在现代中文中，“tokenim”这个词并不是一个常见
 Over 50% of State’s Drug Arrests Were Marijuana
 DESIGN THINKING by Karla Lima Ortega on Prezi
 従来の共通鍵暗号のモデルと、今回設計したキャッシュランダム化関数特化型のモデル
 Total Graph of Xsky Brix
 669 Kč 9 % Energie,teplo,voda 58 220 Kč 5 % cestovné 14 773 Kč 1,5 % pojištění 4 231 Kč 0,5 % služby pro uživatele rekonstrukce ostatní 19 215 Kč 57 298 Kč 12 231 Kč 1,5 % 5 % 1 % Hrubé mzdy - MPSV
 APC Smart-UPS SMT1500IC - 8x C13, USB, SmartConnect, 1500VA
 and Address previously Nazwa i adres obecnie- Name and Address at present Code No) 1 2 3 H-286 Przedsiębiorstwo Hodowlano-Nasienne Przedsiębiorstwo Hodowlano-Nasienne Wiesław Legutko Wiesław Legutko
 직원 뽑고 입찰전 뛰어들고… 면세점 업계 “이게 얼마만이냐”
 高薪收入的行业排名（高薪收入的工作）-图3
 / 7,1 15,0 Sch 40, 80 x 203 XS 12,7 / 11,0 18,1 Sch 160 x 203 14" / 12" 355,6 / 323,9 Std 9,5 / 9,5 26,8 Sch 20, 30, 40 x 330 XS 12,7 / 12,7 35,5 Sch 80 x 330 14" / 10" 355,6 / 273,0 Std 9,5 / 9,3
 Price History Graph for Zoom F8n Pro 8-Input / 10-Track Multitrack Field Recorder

◆ **Problem**:
Check each line in the listing above for the string "Graph", then report how many lines contain it, with no other text.

◆ **Expected answer**:
2